This article describes how to use a heat map to visualize matrices that contain a small number of discrete values. (EDIT: As of SAS 9.4m1, there is an easier way to create heat maps of matrices in SAS/IML. See the articles about continuous heat maps and discrete heat maps.)
A structured covariance matrix
In my book Simulating Data with SAS, I simulate data from a repeated-measures model that has a block-diagonal covariance structure. The following SAS/IML statements create a 45 x 45 matrix that consists of nine 5 x 5 blocks:
proc iml; k=5; /* number of repeated measurements */ s=9; /* number of individuals */ B = 1.4*j(k,k,1) + 2*I(k); /* compound symmetric matrix */ R = I(s) @ B; /* block-diagonal matrix */ print R;
This matrix is too large to easily view in printed form, but you can create a heat map that visualizes the matrix by assigning colors to the three values in the matrix.

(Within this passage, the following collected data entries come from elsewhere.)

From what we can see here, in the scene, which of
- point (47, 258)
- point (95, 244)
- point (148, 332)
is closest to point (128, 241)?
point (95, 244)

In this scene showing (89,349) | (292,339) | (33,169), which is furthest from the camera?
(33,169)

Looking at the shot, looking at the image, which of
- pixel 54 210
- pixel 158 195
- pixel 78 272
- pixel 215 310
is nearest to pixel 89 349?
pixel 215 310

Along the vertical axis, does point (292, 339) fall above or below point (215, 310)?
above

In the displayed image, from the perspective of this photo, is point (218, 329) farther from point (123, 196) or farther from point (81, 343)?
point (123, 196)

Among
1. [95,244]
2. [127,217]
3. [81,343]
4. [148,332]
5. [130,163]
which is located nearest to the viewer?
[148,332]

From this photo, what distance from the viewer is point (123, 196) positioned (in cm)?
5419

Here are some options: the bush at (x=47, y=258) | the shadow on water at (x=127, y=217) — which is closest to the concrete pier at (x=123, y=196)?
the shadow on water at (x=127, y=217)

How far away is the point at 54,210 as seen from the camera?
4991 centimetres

Create a data set for the matrix in "long form"
I need to write the SAS/IML matrix to a data set so that it can be read by PROC SGRENDER, which will create the heat map by using a custom GTL template. It turns out that the HEATMAPPARM statement in the GTL language requires that the data set represent the matrix in "long form," which I have discussed in a previous blog post. For specific details, you can download the SAS program that generates the plots in this article.
A template for visualizing a matrix with a small number of unique values
The template to visualize the heat map is straightforward. It contains the following noteworthy features:
- The DYNAMIC statement enables you to specify the names of the data set variables at run time. I like to use this statement so that I can re-use my templates, but you are welcome to hard-code the names of the variables into the template if you prefer.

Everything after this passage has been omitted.